(Web page caption snippets)
——

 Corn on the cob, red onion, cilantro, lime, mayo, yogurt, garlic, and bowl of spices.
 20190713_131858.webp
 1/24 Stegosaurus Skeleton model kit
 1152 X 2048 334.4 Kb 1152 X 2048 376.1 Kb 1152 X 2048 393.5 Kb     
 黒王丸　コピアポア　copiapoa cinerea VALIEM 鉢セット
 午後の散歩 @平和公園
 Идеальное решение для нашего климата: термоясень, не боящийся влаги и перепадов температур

——

# [Description of the task]
Return word for word the line with "20190713_131858.webp" and every line after it through the end of the records above.

# [Task result]
 20190713_131858.webp
 1/24 Stegosaurus Skeleton model kit
 1152 X 2048 334.4 Kb 1152 X 2048 376.1 Kb 1152 X 2048 393.5 Kb     
 黒王丸　コピアポア　copiapoa cinerea VALIEM 鉢セット
 午後の散歩 @平和公園
 Идеальное решение для нашего климата: термоясень, не боящийся влаги и перепадов температур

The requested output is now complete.